Die Verwertung eines „Zufallsfundes“ aus einer gemäß § 32 Abs. 1 S. 2 BDSG gerechtfertigten verdeckten Videoüberwachung kann nach § 32 Abs. 1 S. 1 BDSG zulässig sein, z.B. wenn bei einer heimlichen Videoüberwachung des Kassenbereichs wegen Verdachts von Zigarettendiebstählen gegen zwei andere Beschäftigte die stv. Filialleiterin bei einer Pfandunterschlagung zufällig „erwischt“ wird (BAG v. 22.9.2016 – 2 AZR 848/15, MDR 2017, 344). Ist die Verwertung von Ergebnissen einer verdeckten Videoüberwachung bereits nach den allgemeinen Grundsätzen (§ 32 Abs. 1 S. 2 BDSG; Art. 1, Art. 2 Abs. 1 GG) zulässig, so folgt kein Verwertungsverbot aus der Missachtung von Mitbestimmungsrechten des Betriebsrats nach § 87 Abs. 1 Nr. 6, § 77 BetrVG. Die Schutzzwecke von § 87 Abs. 1 Nr. 6 BetrVG und die zivilprozessualen Grundsätze über ein mögliches (Beweis-)Verwertungsverbot sind identisch (BAG v. 22.9.2016 – 2 AZR 848/15, MDR 2017, 344; v. 20.10.2016 – 2 AZR 395/15, MDR 2017, 465).
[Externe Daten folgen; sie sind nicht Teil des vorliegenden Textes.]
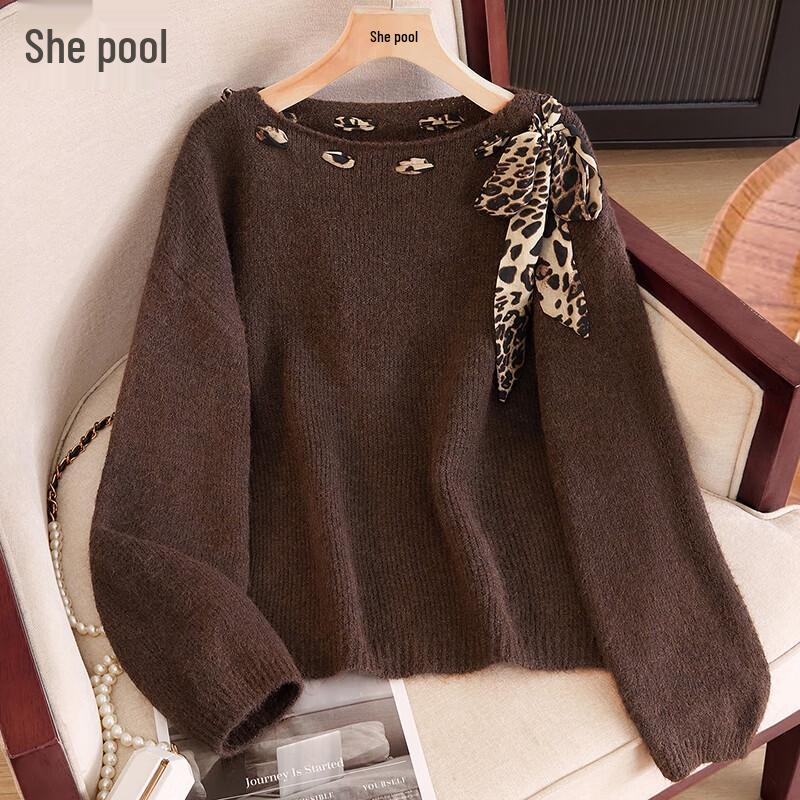 

Women s French Style Round Neck Knit Sweater One Size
Zu beachten ist jedoch, dass eine Verletzung von Mitbestimmungsrechten durch einseitige Installation einer technischen Überwachungseinrichtung einen Unterlassungs- und
Beseitigungsanspruch des Betriebsrat gegen den Arbeitgeber rechtfertigt (Fitting, § 87 BetrVG Rz. 596, m.w.N.).

IV. Fazit

Arbeitgeber müssen die Maßstäbe gut kennen, die Arbeitsgerichte in Bezug auf Kontrollmaßnahmen anlegen, um Beweisverwertungsverbote, Bußgelder oder Schadensersatzansprüche wegen Persönlichkeitsrechts-/BDSG-Verstößen (vgl. LAG Rheinland-Pfalz v. 27.4.2017 – 5 Sa 449/16: 10.000 € für durch Detektive intensiv überwachten BR-Vorsitzenden ohne konkreten Anlass) zu vermeiden. Sorgfalt und Kenntnis der aktuellen Rechtsprechung ist geboten, damit nicht aus dem „Jäger“ selbst der „Gejagte“ wird. Unrechtes, exzessives Verhalten in Einzelfällen könnte zudem sonst dauerhaftes, flächendeckendes neues, schärferes Recht für alle generieren: „Bad cases make bad law“ – was es zu vermeiden gilt.